In “The buck shops here,”the NYT columnist Ben Schott came up with a really clever way to display relative housing prices by district or neighborhood.  If you click, you’ll see a series of little grey boxes labeled with the name of various New York City neighborhoods, along with a few in other cities nationwide like Dallas and Philadelphia.  What are those boxes?  In actual size, they show the amount of residential floor space $1 will buy in all of those area.

The smallest box, less than one square inch, represents what four quarters will buy in New York’s Flatiron district; by contrast, about 64 of those tiny Flatiron squares will fit inside the space $1 bill buy in Memphis. (My eyeball estimates of the relative size of the boxes).

Quite interesting and while the city-to-city comparison in enlightening, I think readers/viewers in a local market would love a more drilled-down estimate.  You could go street-by-street logging recent home sales — say, in the last six months or year — or block-by-block, by subdivision or by quadrant depending on the size of your market.   The NYT graphic is based on actual sale prices as of January 2014 and credits Zillow for the data.

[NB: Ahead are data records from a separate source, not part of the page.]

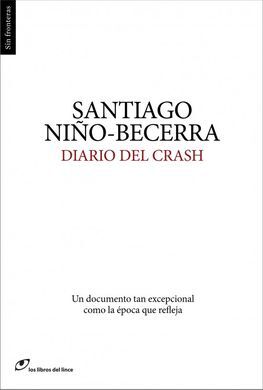 DIARIO DEL CRASH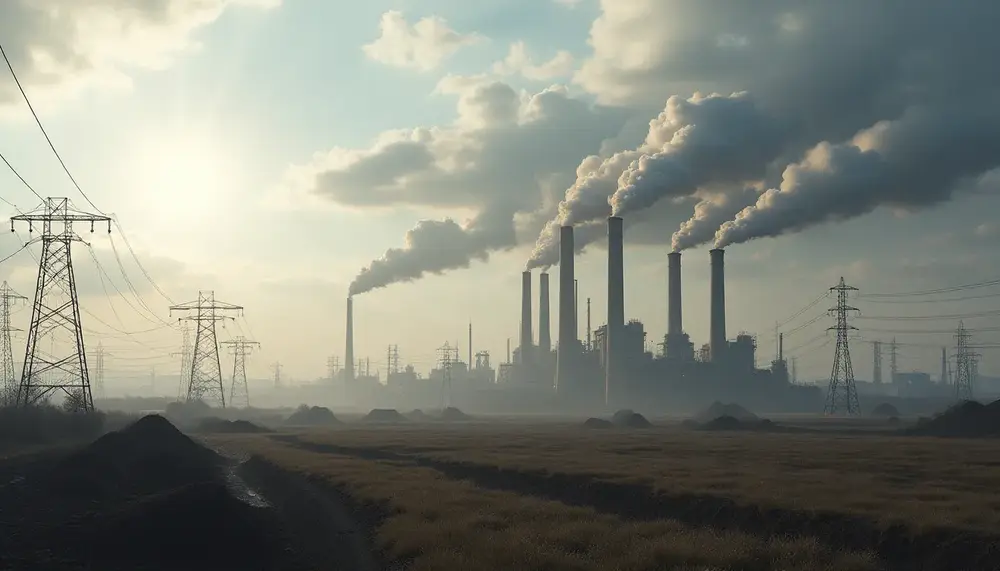 fossile-energien-dominieren-weiter-weltweit-industrie-kritisiert-energiepolitik-scharf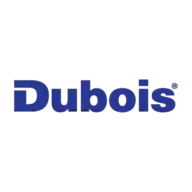 DUBOIS
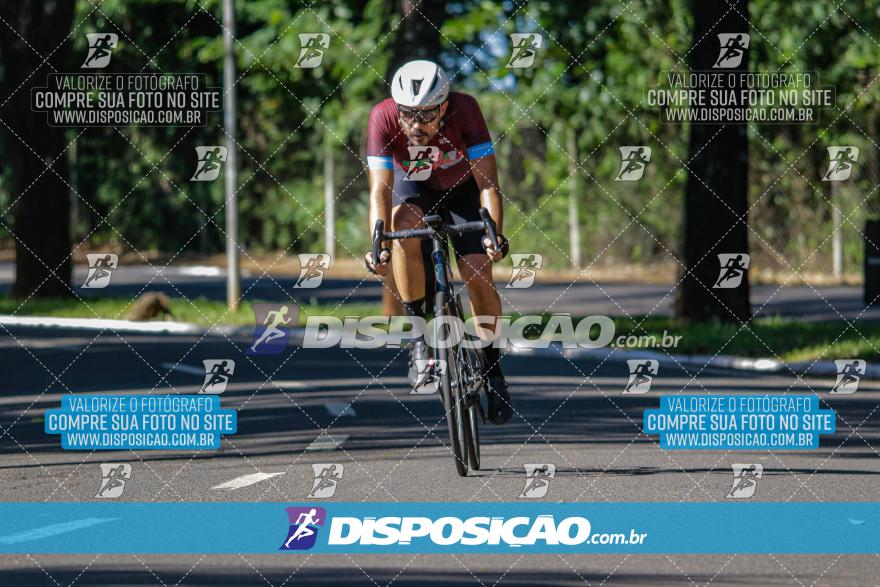 20ª Copa Cidade Canção de Ciclismo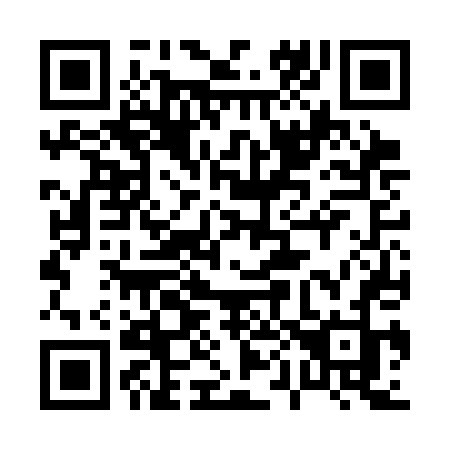 QR code for 006 CDJ
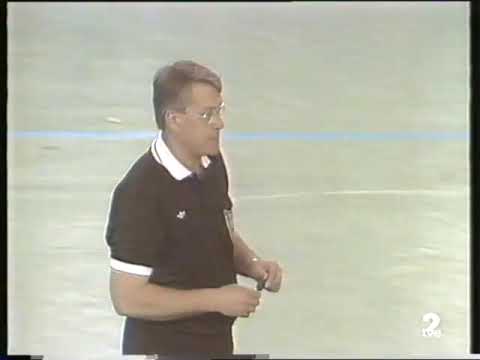 RECOPA DE EUROPA 1991/92 GD TEKA 24 BIDASOA 24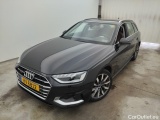 A4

And indeed, Zillow does offer a great search engine of recently-sold homes; I did a ZIP code search and then quickly zoomed in on my neighborhood; price and square footage of houses and condos involved in recently transactions popped up quite handily.  I would caution though — a recent sale right on my street reflected the accurate price — I was nosy and asked — but the listing represented on Zillow’s site referred to an older, smaller house that was on the premises before it was razed and replaced by a much larger dwelling.  So if I used the published square footage as the basis of calculations, it would be off.   You probably ought to double-check any recent transaction info with the real estate agent involved in the deal, or perhaps the title company.

Another good search engine is on Realtor.com, the site of the National Association of Realtors.  It reflected sales that closed as recently as two weeks ago and of the ones I recognized, the photos seemed more recent and the specificiations up to date.

With both new and existing home sales on the economic release calendar for the week of April 21, the topic will be at front of mind for a lot of consumers, and showing them this novel way to compare what a buck buys in area real estate will make for a useful and educational feature.   You can either drill down to the NYT’s “square inches per dollar” level or just illustrate the average price per square foot of living space for the examples you select.